Give back the data below word for word. Any image in it should be left out.

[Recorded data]
************
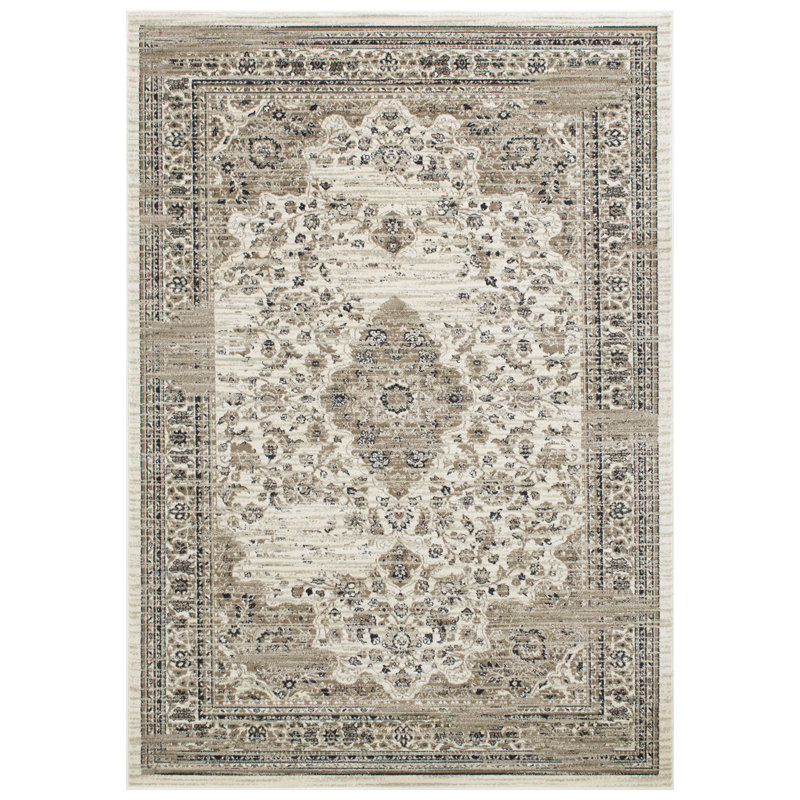 Counterpoint Oriental Indoor Rug, Rectangle 8' x 10'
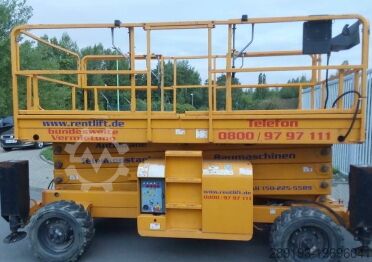 Scissor lift Haulotte H 15 SX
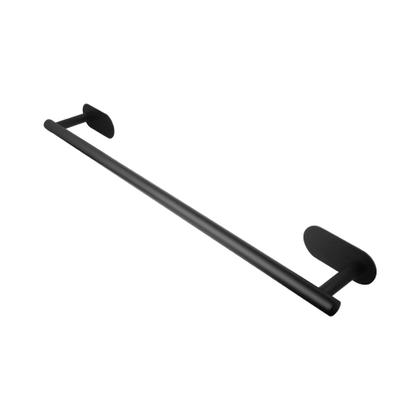 Imagem de Kit Suporte Acessórios Banheiro Lavabo Aço Inox Preto Fosco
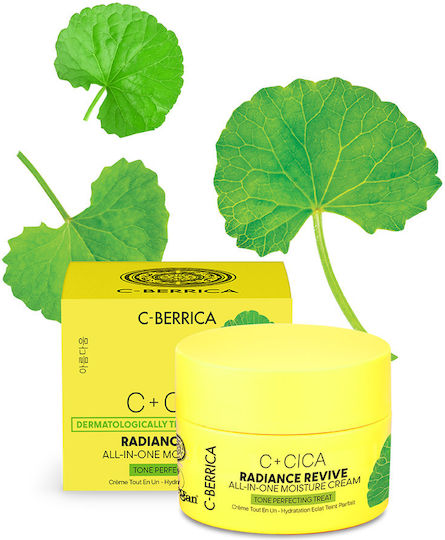Natura Siberica C+Cica Creme Gesicht Tag mit SPF20 50ml
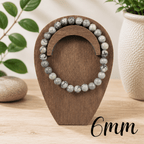 6mm Picasso Jasper Gemstone Bracelet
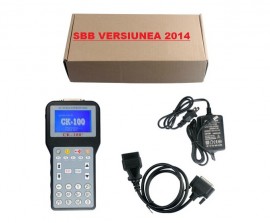CK-100 Programator Chei Auto V45.09 / V46.02 / V99.99 Generatia noua de SBB 2014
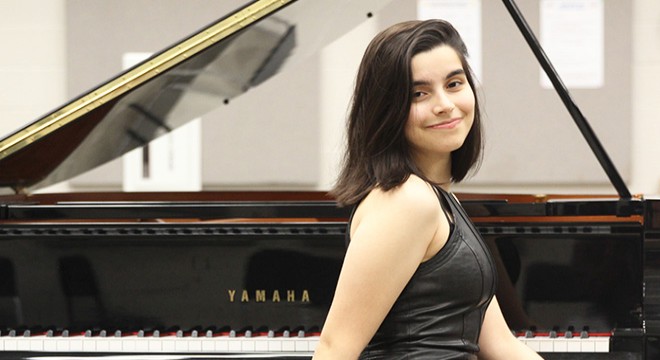 Piyanist Elif dünyanın en iyi müzik okullarından birine seçildi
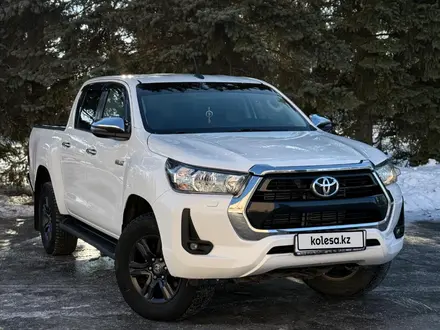 Toyota Hilux 2021 года за 17 000 000 тг. в Костанай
************
(Result of the exercise):
 Counterpoint Oriental Indoor Rug, Rectangle 8' x 10'
 Scissor lift Haulotte H 15 SX
 Imagem de Kit Suporte Acessórios Banheiro Lavabo Aço Inox Preto Fosco
Natura Siberica C+Cica Creme Gesicht Tag mit SPF20 50ml
 6mm Picasso Jasper Gemstone Bracelet
CK-100 Programator Chei Auto V45.09 / V46.02 / V99.99 Generatia noua de SBB 2014
 Piyanist Elif dünyanın en iyi müzik okullarından birine seçildi
 Toyota Hilux 2021 года за 17 000 000 тг. в Костанай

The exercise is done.